- From: Graham Klyne <GK@ninebynine.org>
- Date: Thu, 25 Aug 2011 18:03:44 +0100
- To: W3C provenance WG <public-prov-wg@w3.org>
With reference to:
http://dvcs.w3.org/hg/prov/raw-file/71fa5079e6b3/model/ProvenanceModel.html
(Note this is the Mercurial version at 25-Aug-2011, about 16:30UTC)
...
This is my second attempt to read this document, and while I have slightly
better comprehension than first time round, I'm still finding it very hard
going. Rather than go through many small points, I'm going to try to focus on
high-level issues.
I am really concerned that the direction of development of this specification
will make it unusable for (what I take to be) its intended purpose, which is to
provide a reference for developers who are generating and consuming provenance
information. For this, the what is needed first and foremost is a simple data
model with a straightforward mapping to one or more common web representation.
From the WG charter, I expect RDF to be one of those. If this is not provided,
then I fear the specification will render itself irrelevant.
I find the example in section 3, and the examples associated with the individual
definitions, are really unhelpful. In particular, the "Abstract Syntax
Notation" is used without any explanation of what it means. (There is an
appendix with a BNF syntax for ASN, but no explanation of how to read or
interpret it.)
What I think would be *far* more useful than section 3 in its current form is a
"50,000-foot" view of the model, outlining the main classes and their possible
relationships. A very nice example of such a view for a simpler provenance
ontology (OPMV) can be seen in
http://open-biomed.sourceforge.net/opmv/ns.html#sec-desc. Coupled with a 1-2
line summary of each class and relation, this would go a long way to making the
whole framework more approachable.
In section 3.3, the diagram key shows what the different line styles represent,
but not the different shapes.
...
5.1 Entity
In sections 4 and 5.1, I think the definition of Entity, and its distinction as
a "characterized thing" is unhelpful and confusing. It is not clear to me what
the distinction of being "characterized" means in any formal sense. There has
been a lot of discussion on the mailing list about this, but I haven't see a
single argument that shows why it is *needed* to distinguish an "Entity" in any
way from anything that can be identified; i.e. any web resource.
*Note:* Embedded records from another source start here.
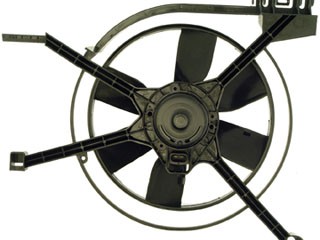Dorman - OE Solutions Engine Cooling Fan Assembly P/N:620-599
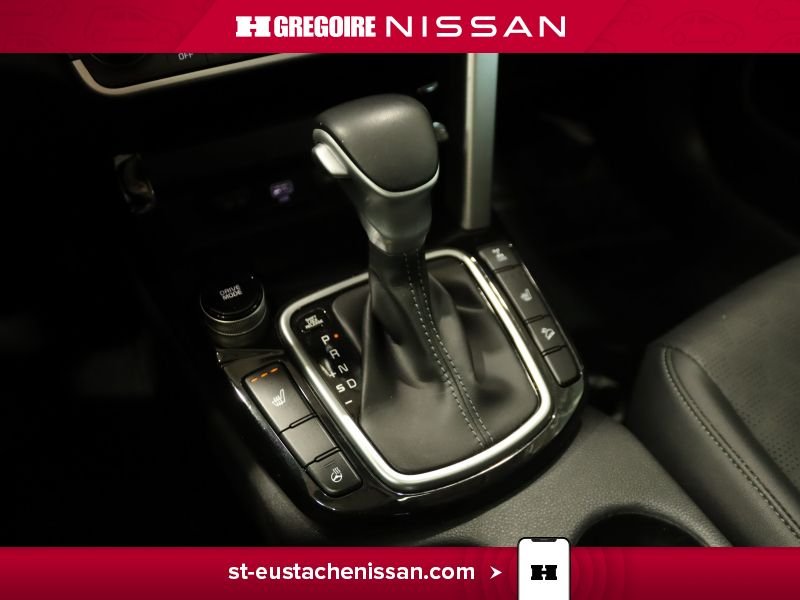 2022 Kia Seltos Blue Saint-Eustache - photo #34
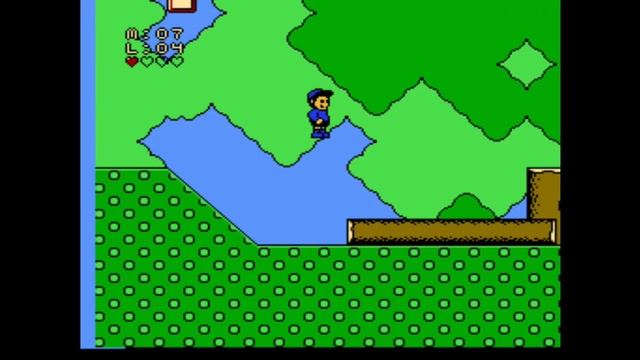 McDonald Land MC Kids (1992) - Nintendo NES смотреть онлайн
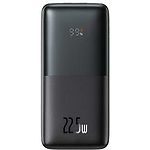Изображение Внешний аккумулятор Power Bank Baseus (PPJL010001) Elf Digital Display 10000mAh, QC3.0, 22.5W, Black #2 Фото Внешний аккумулятор Power Bank Baseus (PPJL010001) Elf Digital Display 10000mAh, QC3.0, 22.5W, Black #2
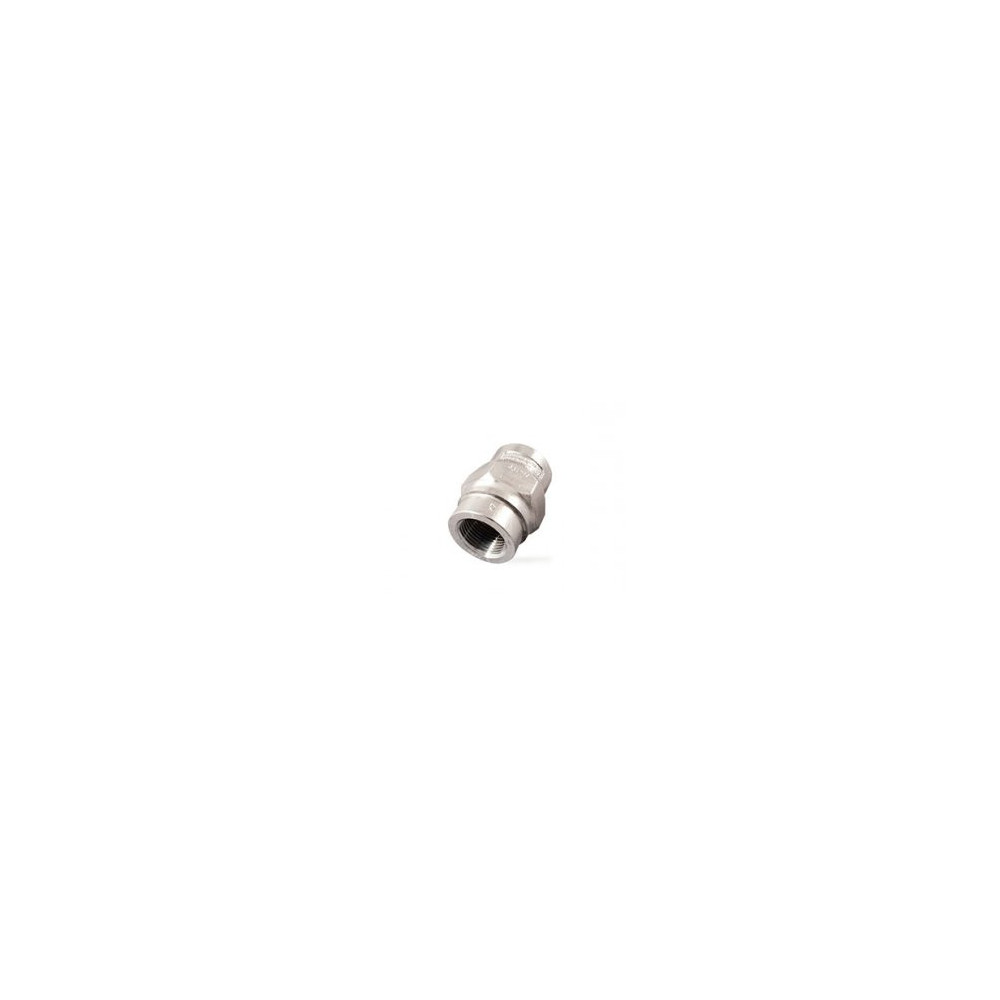 Spirax Sarco Zawór zwrotny płytkowy DCV41 1/2" gniazdo EPDM, spręż. standard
It seems to me that the primitive provenance assertions one might make about an
"Entity" (e.g. dc:creator, doap:release, to use examples from OPMV) can be made
regardless of any claim that the Entity is a "characterized thing". Similarly,
I see no breakage arising from appropriate application of provenance relations
(such as derivedFrom, generatedBy, etc.) to arbitrary entities. Using RDF, the
normal approach would be to infer from the existence of such relations some
information about the type of the things they relate. If they are used
inappropriately, the resulting expression may disagree with reality, or be
unsatisfiable - we can't stop people from making nonsense statements on the web.
....
5.8 isComplementOf
I struggle to understand from the text what practical application there is for
the isComplementOf relation. From mailing list discussion, I come to an
understanding that it might be useful for talking about different provenance
accounts, to understand when they are referring to the same underlying thing
("Royal Society", etc.)
But I find the description given is somewhat complicated and confusing, in part
because of the enforced distinction between things and "Entities". I find it
much more natural to think of views (i.e. where I think we started out with
"IVPof") where different accounts may use different views (roughly corresponding
to different observational constraints) of some thing, which can themselves be
seen as things (e.g. in the examples given M1, M2, etc might be things
corresponding to "Royal Society" in the period(s) when its membership was as
indicated in each case, or L1, L2, etc, corresponding to it being located at
specific places. The "established on" view could be considered as the
underlying "Royal Society" itself, as that never changes.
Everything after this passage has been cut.